Chapter 20: Shell-shock

I don't like pits for a few good reasons, people train them to be dangerous and I did get chased by two before, like I said, I don't wanna hear shit from y'all unless you've been hunted before. Shit, being smart is scary, knowing what could possibly happen or not, all the time, that shit happens all the time, I hate it, whenever I talk to a good looking jawn, or when some nigga troubling me, I think before I do, but it isn't all that bad, it makes me a good problem solver, I can outsmart these dumbass niggas that don't know shit. I usually overthink shit, even small stuff, I don't need to be doing that, I got bigger problems to deal with, like this book. When I know what's gonna go down, the fear creeps up on you, getting stronger as you go. These fears change as you get older, like Kendrick Lamar describes it, from 7, 17, and 27, at 7 years old, you had fears of getting your ass whooped, in a serious family, that is what kept you in check.
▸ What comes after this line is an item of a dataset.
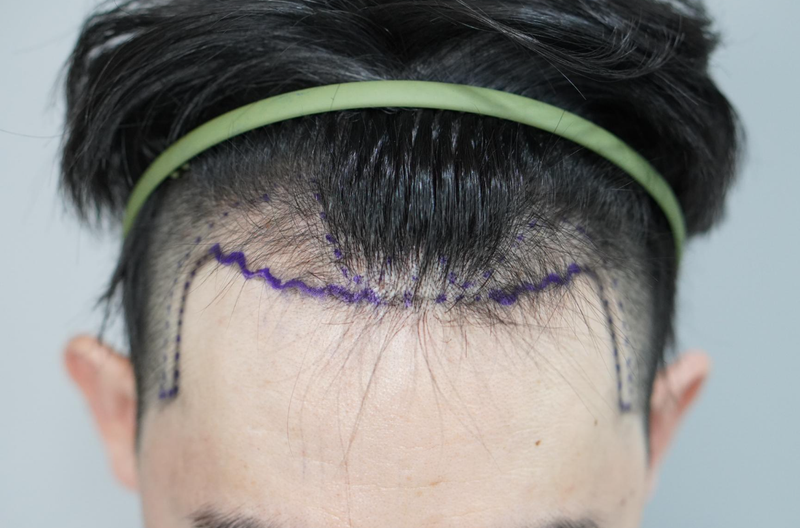 グロウ医院(旧ニューヘア釜山) 非切開 毛髪移植10日目の後期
At age 17, the fear of consequence plagues me, in my neighborhood, consequences are deadly, especially if you're with the wrong crowd, niggas will think you're a bitch for thinking like that, but wait til you see that nigga on the news. Being 17 and smart, I look to the future about what happens if I don't make it in life, this fear is the scariest, I need to be able to support myself, so I need schooling, I need the grades to be able to get a good job, if I can't I'm enlisting in the military, the last resort plan. To move to the real trenches and see or do things you thought you wouldn't see or do, a nightmare, best part of it all, this is no nightmare, you're not waking up when you die, you're going into the unknown, I don't know about y'all, but that was a chilling thing to discuss, but I wouldn't be from the trenches without a little fear.